**What is expected**
Only a slice of the listing below is wanted. Retype the lines from the one containing "Illustration Purple Abstract" through the one containing "FANTASK Tavolo da", exactly, both ends included.
---------- Given records
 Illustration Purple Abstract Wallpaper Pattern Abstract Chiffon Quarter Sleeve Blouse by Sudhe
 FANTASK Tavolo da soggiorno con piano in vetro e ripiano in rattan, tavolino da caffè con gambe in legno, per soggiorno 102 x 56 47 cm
--------------------
---------- Given records
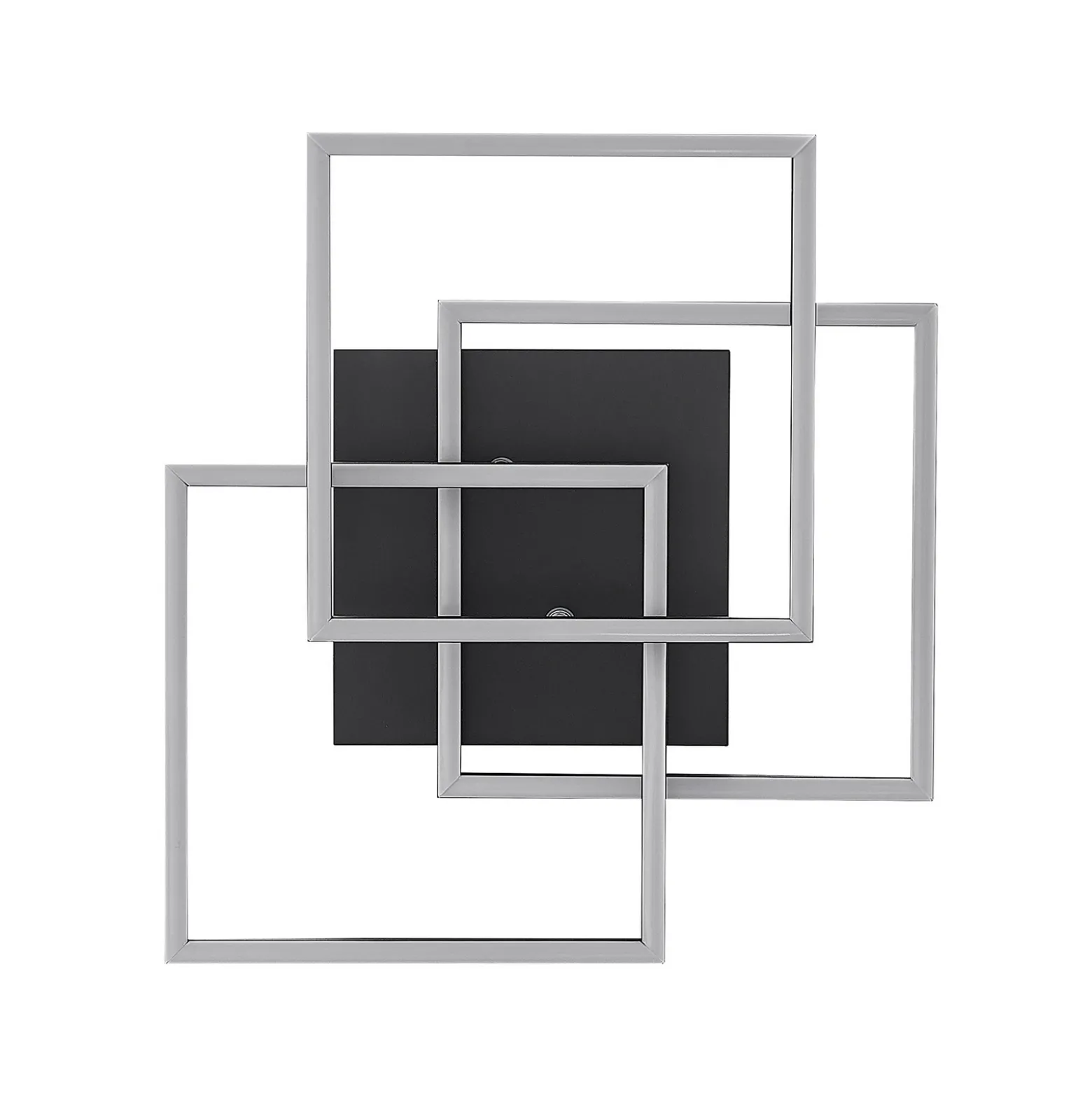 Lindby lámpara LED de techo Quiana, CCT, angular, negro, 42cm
--------------------
**Solution to this problem**
 Illustration Purple Abstract Wallpaper Pattern Abstract Chiffon Quarter Sleeve Blouse by Sudhe
 FANTASK Tavolo da soggiorno con piano in vetro e ripiano in rattan, tavolino da caffè con gambe in legno, per soggiorno 102 x 56 47 cm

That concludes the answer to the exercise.